Amyloidoses are a clinically diverse group of disorders characterized by the deposition of amyloid fibrils. Amyloid fibrils share a typical cross β structure that leads to a distinct X-ray diffraction pattern, which comprises a 4.75 Å reflection corresponding to the spacing between β strands and a 10 Å reflection corresponding to the distance between β sheets [1]. Amyloid fibrils can deposit locally or systemically, and the distinction between the two is made based on whether the production site of the precursor protein is the same as the deposition site [2]. In systemic amyloidosis, the production site of the precursor protein is anatomically distant from its deposition site. In localized amyloidosis, the precursor protein is synthesized at its site of deposition [3]. Currently, 20 proteins have been implicated in systemic amyloidoses, and 27 in localized amyloidosis [2]. Currently, all amyloidoses remain incurable.

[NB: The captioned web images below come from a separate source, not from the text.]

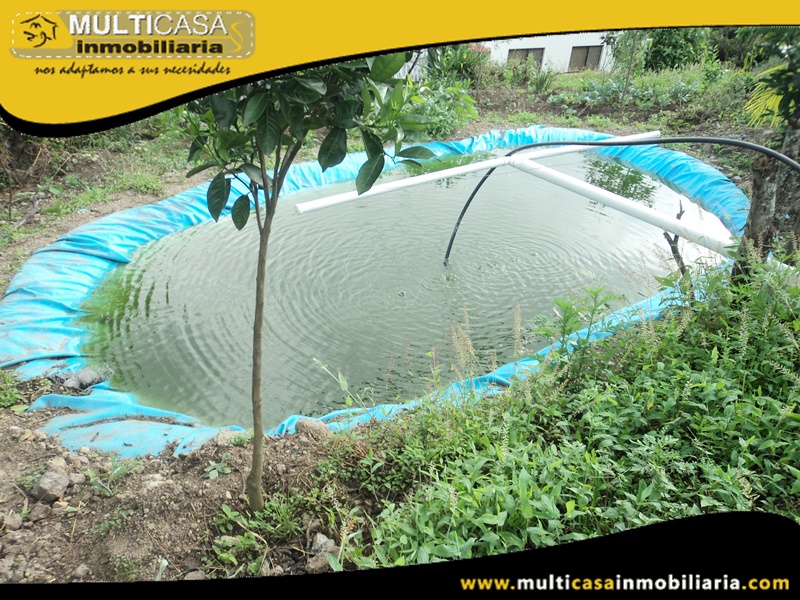 Quinta en Venta a Crédito Sector Cataviña-Yunguilla Cuenca-Ecuador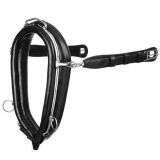 ENGANCHE LEXHIS BONN BIOTHANE COLLARIN LIMONERA NE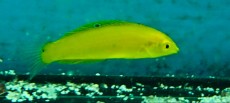 MORSKA RIBA Halichoeres chrysus MORSKA RIBA Halichoeres chrysus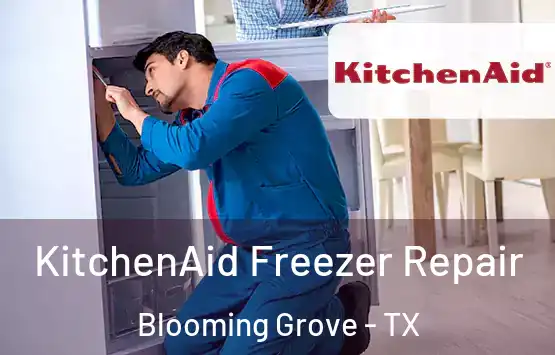  KitchenAid Freezer Repair Blooming Grove - TX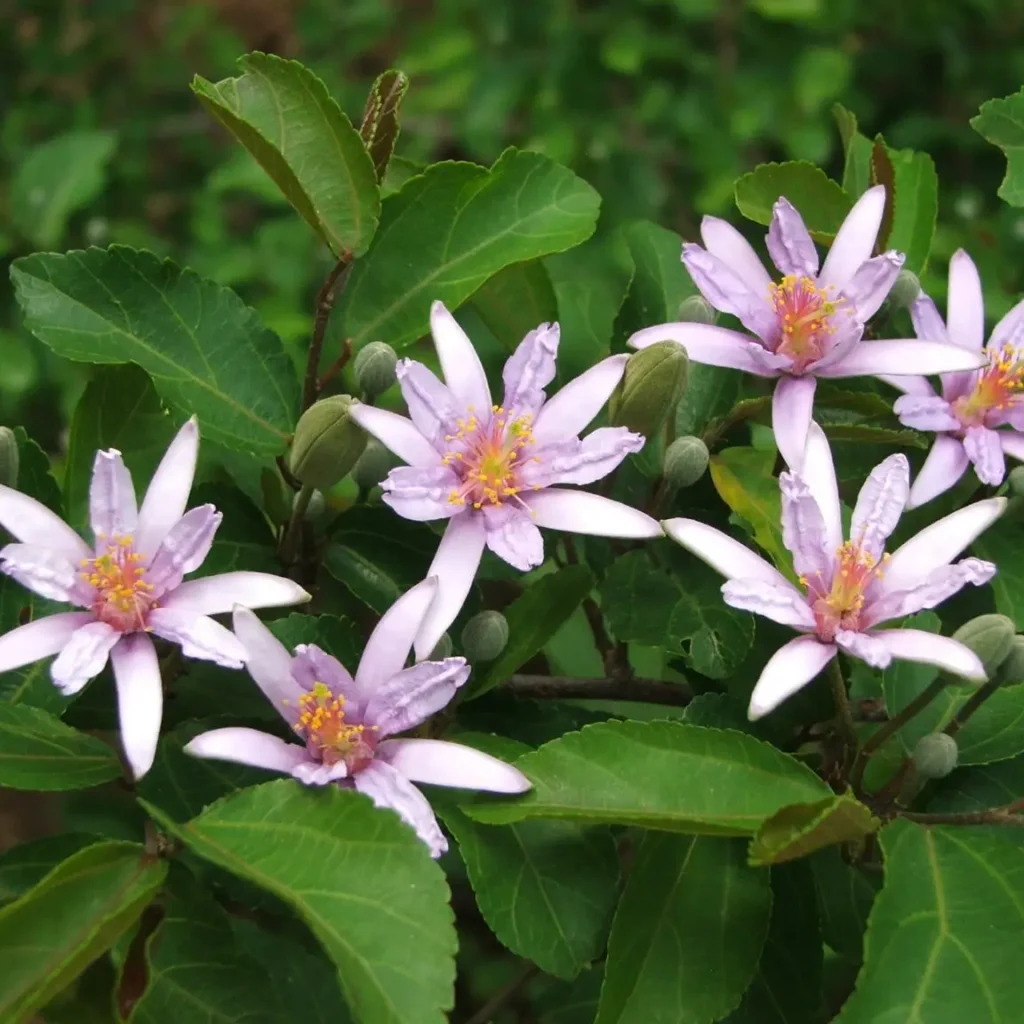 Kruisbessie – Grewia occidentalis
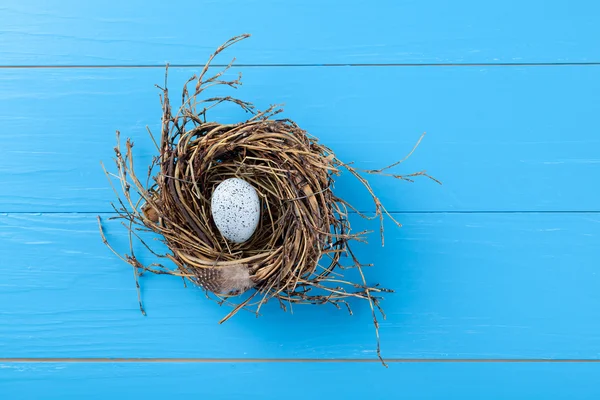 Nahaufnahme lila Krokusblüten im Frühling — Stockfoto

In recent years, there has been an unprecedented advancement in the development of protein aggregation inhibitors, some of which are now marketed for the treatment of amyloidosis. The first-ever approved protein aggregation inhibitor for the treatment of amyloidosis was tafamidis, a small molecule that targets the native structure of the amyloid precursor transthyretin [4]. Since then, many other molecules have been designed and tested, including small molecules, peptides, miniproteins, antibodies, and derivatives. These were designed to either target the precursor amyloid proteins, the matured amyloid fibrils, or intermediate species. Here, we review current strategies for developing conformation-specific aggregation inhibitors with emphasis on promising recent efforts under different stages of preclinical and clinical testing. Figure 1 provides an overview of the topics discussed here. Table 1 offers a list of conformational strategies to prevent, inhibit, and/or clear protein aggregation that are currently being tested in clinical trials; some of these are discussed in this review.